Einmal habe ich gehört, wie du einem Kind vorgesungen hast. Das war sehr schön.

 

Ich mag Musik. Wenn mein Vater es zugelassen hätte, hätte ich gerne Klavier gelernt. Aber mein Vater sagte, im Islam sei Musik verboten. Mein Vater verlangte, dass ich den ganzen Tag den Koran lese.

Welchen Beruf hast du gelernt?

 

Ich habe im Iran an der Universität eine Ausbildung zum Buchhalter abgeschlossen und zehn Jahre lang als Manager und Buchhalter in einem Unternehmen gearbeitet. Ich habe einem Freund geholfen, eine Restaurant-Kette aufzubauen. Gemeinsam haben wir acht Restaurants gegründet. Ich habe dort als Buchhalter, Manager und Koch gearbeitet.

Was machst du in deiner Freizeit?

 

In meiner Freizeit helfe ich zurzeit einem Mann, der an Alkoholsucht erkrankt ist.
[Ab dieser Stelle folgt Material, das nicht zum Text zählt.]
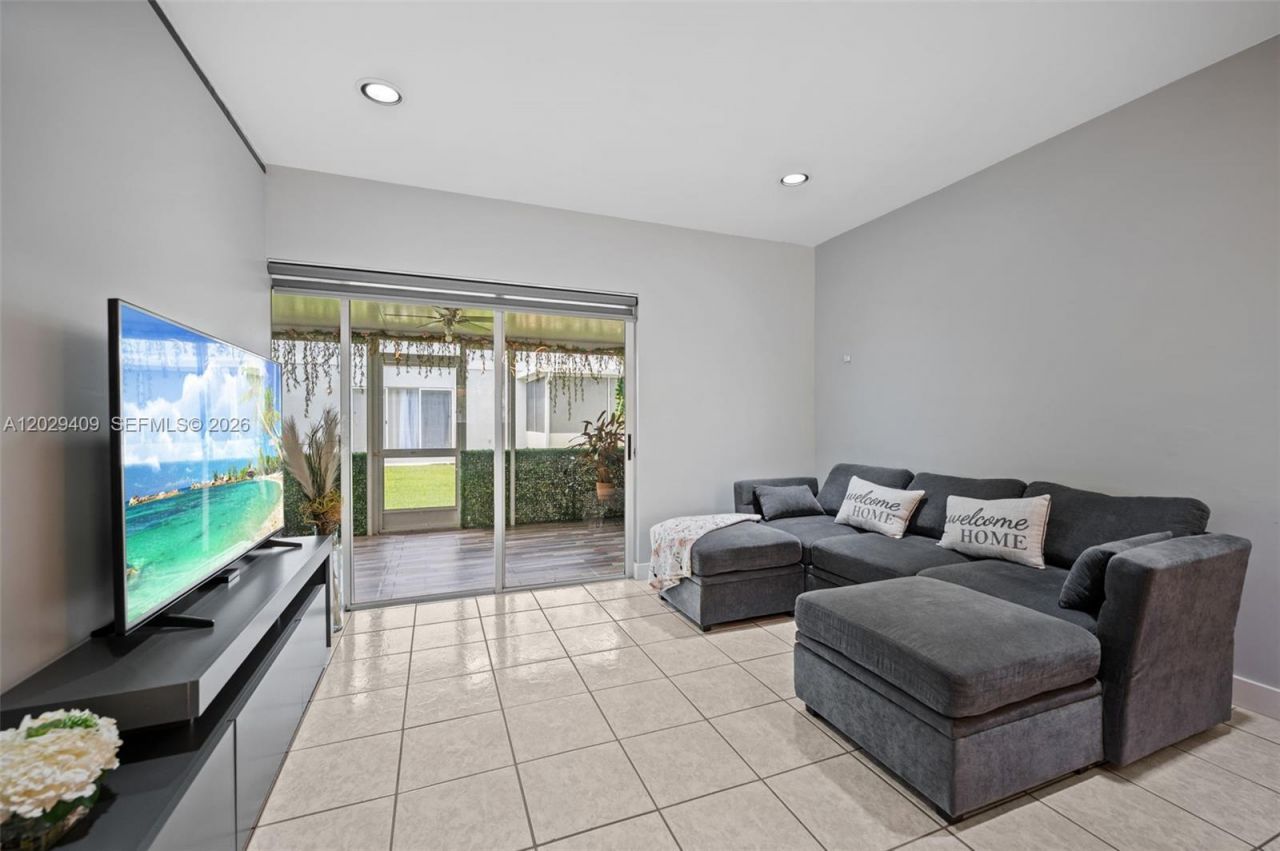 20831 NW 3rd Ct, Pembroke Pines, FL 33029 Photo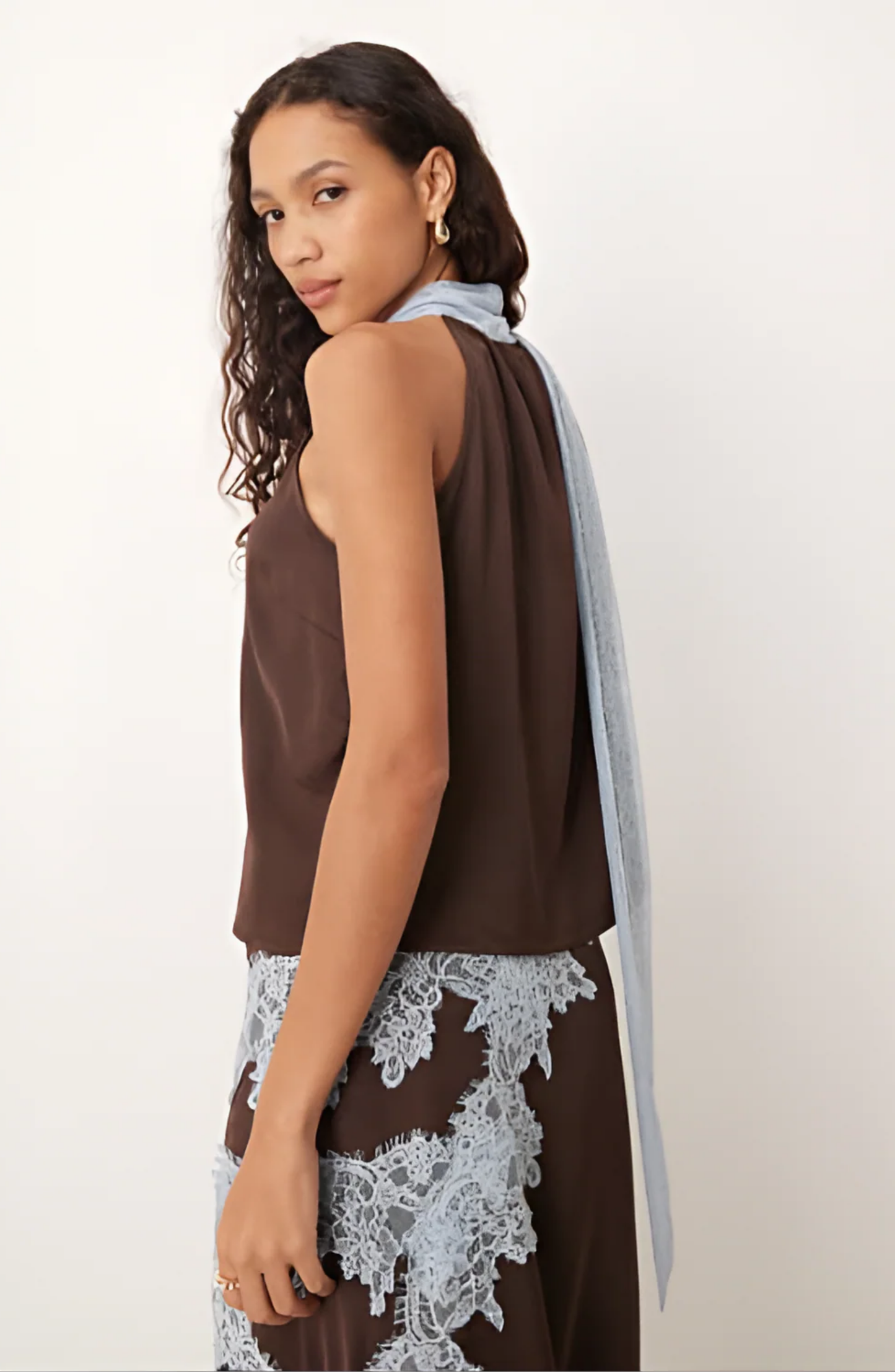 Valoria | Contrast Lace Halter Neck Skirt Set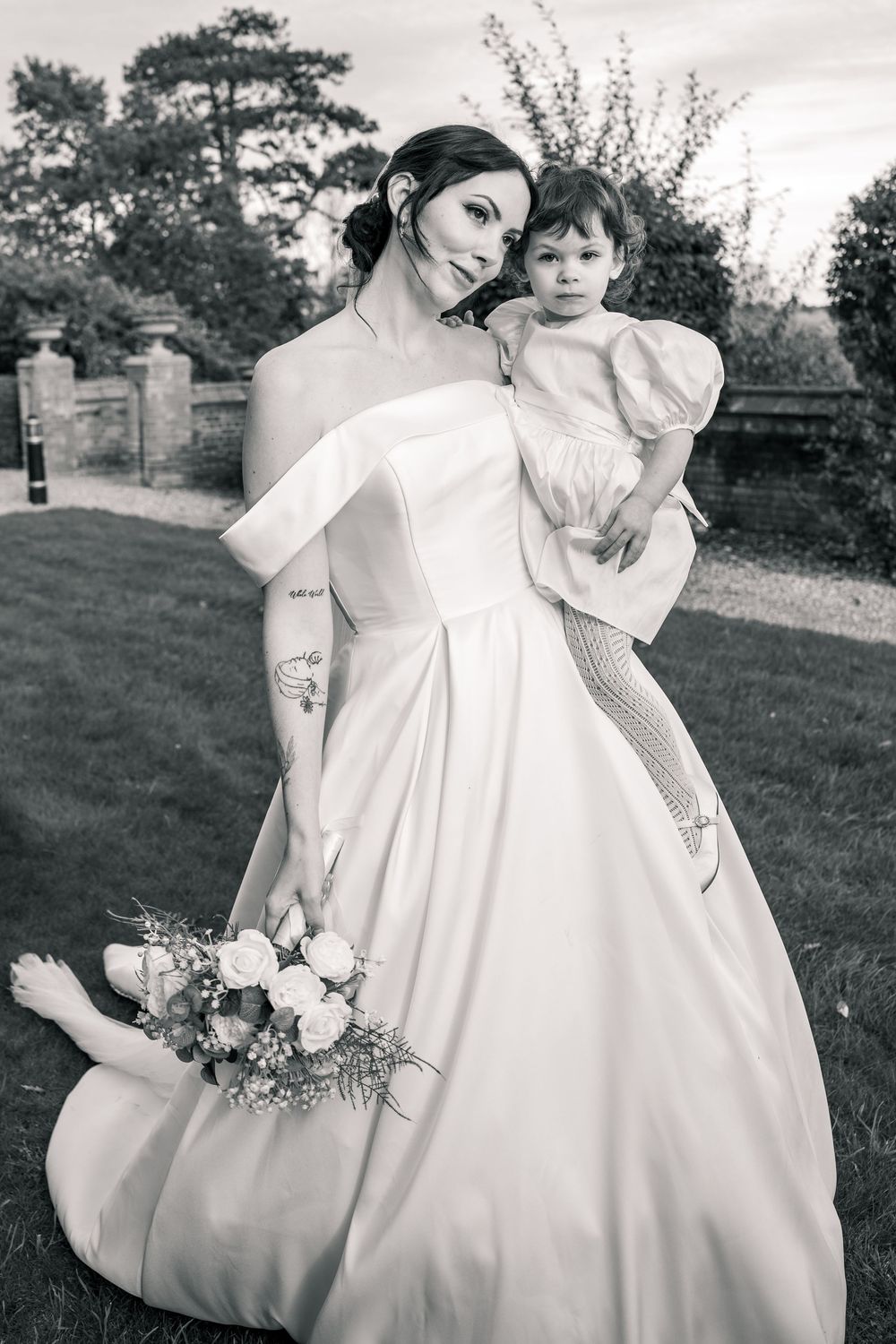 NORFOLK WEDDING DUNSTON HALL NORWICH BLACK TIE WEDDING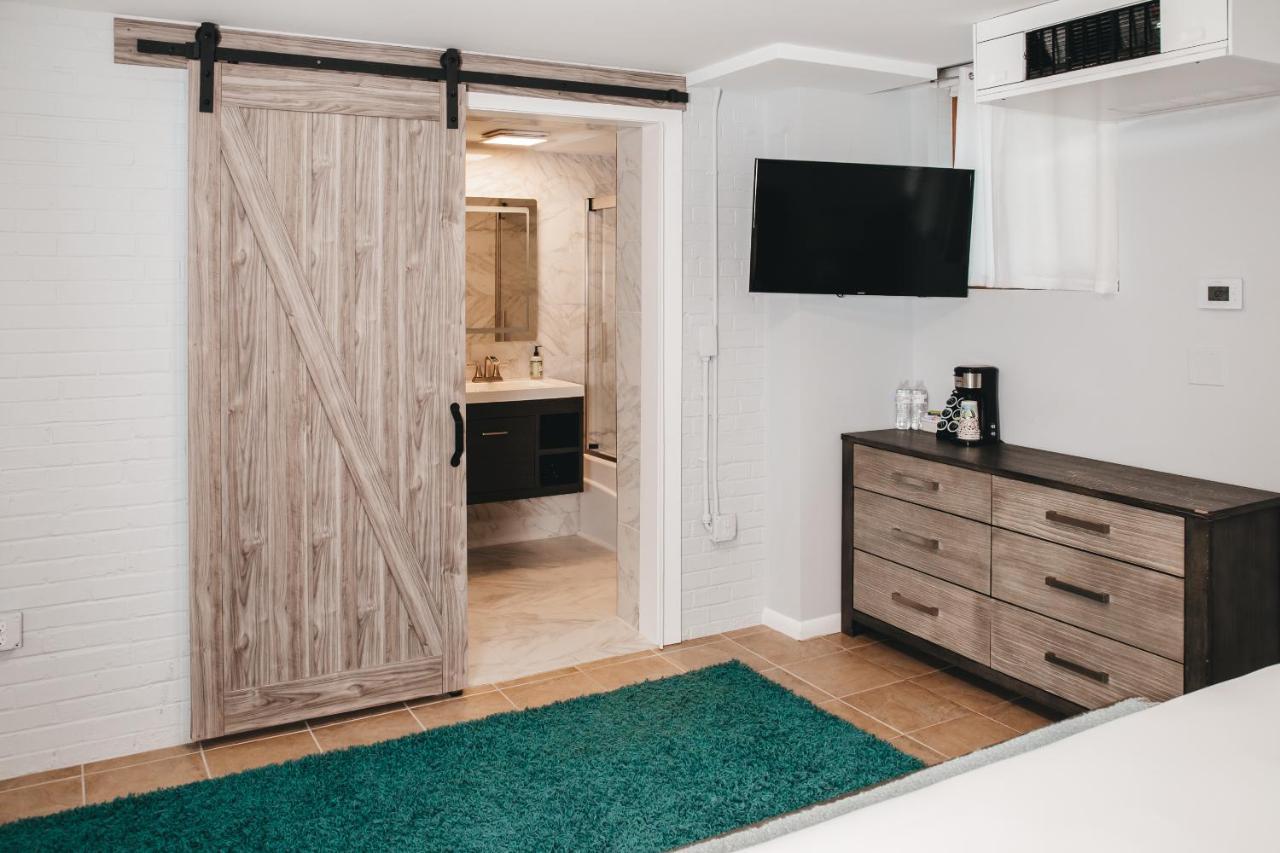 Skylaranna Resort & Spa Хендерсонвилл Экстерьер фото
In meiner Heimat im Iran habe ich zwei Brüder, die beide alkohol- und opiumsüchtig sind. Ich habe ihnen 14 Jahre lang geholfen, mit ihrem Leben halbwegs zurecht zu kommen. Ich habe daher Erfahrungen in der Hilfe für Suchtkranke gesammelt. Ich weiß, wie es ihnen geht und welche Probleme sie haben. Im Moment begleite ich jeden Dienstag persischsprachige anonyme Alkoholiker in Berlin und spreche mit ihnen über ihre Sucht. Ich bin durch einen Freund dorthin gekommen. Ich habe eine Messenger-Gruppe gegründet, durch die wir in Kontakt stehen und uns austauschen. Ich ermutige sie, von ihrer Sucht wegzukommen. Das Reden über ihre Situation und über Auswege aus der Sucht hilft ihnen. Wenn wir uns treffen, sitzen wir an runden Tischen und sprechen über uns und was uns beschäftigt.

Du bist ein verständnisvoller Seelsorger.

 

Zwei bis dreimal pro Woche spreche ich auch mit meinen Freunden im Iran. Ich spreche im Chat mit ihnen über Christus. Reza zum Beispiel hatte wie ich eine schlechte Kindheit. Ich habe ihm von Jesus Christus erzählt, dass er der Sohn Gottes ist und den Menschen die Liebe Gottes verkündigt hat und dass er es in seinen Taten auch deutlich gemacht hat. Er hat Gott seinen Vater genannt. Durch ihn dürfen wir Gott auch als unseren guten Vater ansprechen und zu ihm beten. Er hält uns fest in seiner Hand. Alles wird gut. Reza tut es gut, diese Worte zu hören. Letztes Jahr hatte er seine Mutter verloren. Er war sehr traurig und fiel in eine Depression. Ich habe mit ihm gesprochen und es geht ihm jetzt ein bisschen besser.

Was gefällt dir an unserer Kirchengemeinde?

 

In der Kirchengemeinde in Kreuzberg-Mitte habe ich viele freundliche Menschen getroffen. Ich bin hier nicht als Ausländer, sondern als ein Bruder aufgenommen worden. Woanders war ich ein Fremder. Ich fühle Christus in St. Jacobi und in der Melanchthon-Kirche. Ich spüre, dass er hier gegenwärtig ist. Als ich Hilfe brauchte, fand ich hier Menschen, die mir halfen. Jetzt, wo es mir besser geht, will ich auch anderen Menschen helfen.

Lieber Rahman, ich danke dir für das Gespräch!